● **Problem statement**:
Leaving out pictures, output exactly the lines below from the one that has "Beige sleeveless daydress" through the one that has "Artist Brandon Adriano", and nothing else.

● **Dataset extract**:
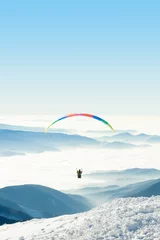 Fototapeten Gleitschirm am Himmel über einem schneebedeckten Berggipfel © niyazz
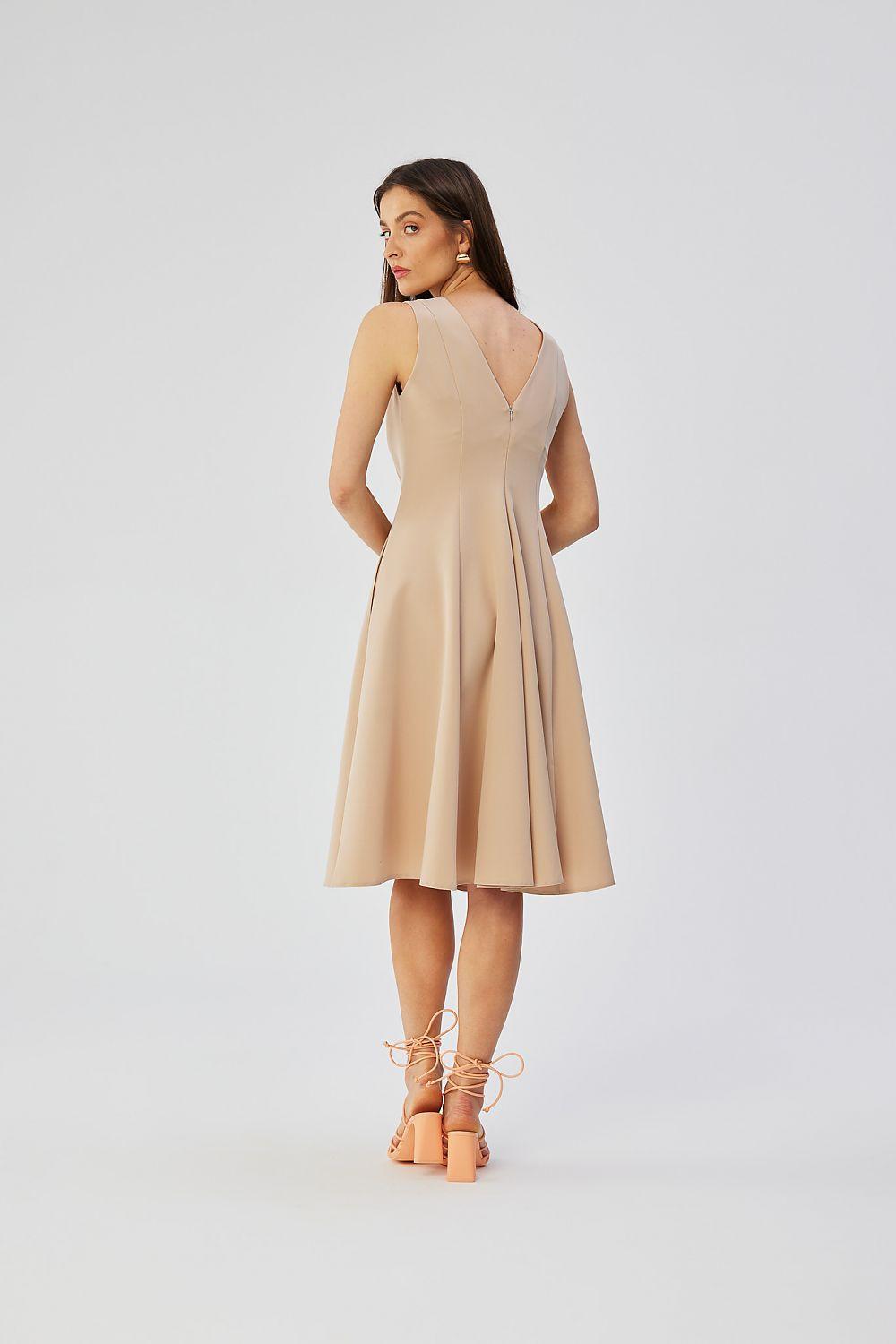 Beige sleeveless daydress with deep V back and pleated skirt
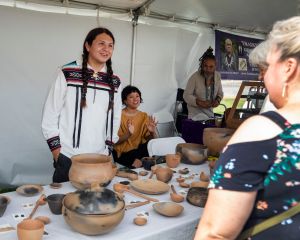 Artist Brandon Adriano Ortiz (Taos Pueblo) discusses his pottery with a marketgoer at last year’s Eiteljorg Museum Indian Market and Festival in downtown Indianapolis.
...
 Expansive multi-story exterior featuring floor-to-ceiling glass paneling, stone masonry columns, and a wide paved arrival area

● **Exercise output**:
 Beige sleeveless daydress with deep V back and pleated skirt
 Artist Brandon Adriano Ortiz (Taos Pueblo) discusses his pottery with a marketgoer at last year’s Eiteljorg Museum Indian Market and Festival in downtown Indianapolis.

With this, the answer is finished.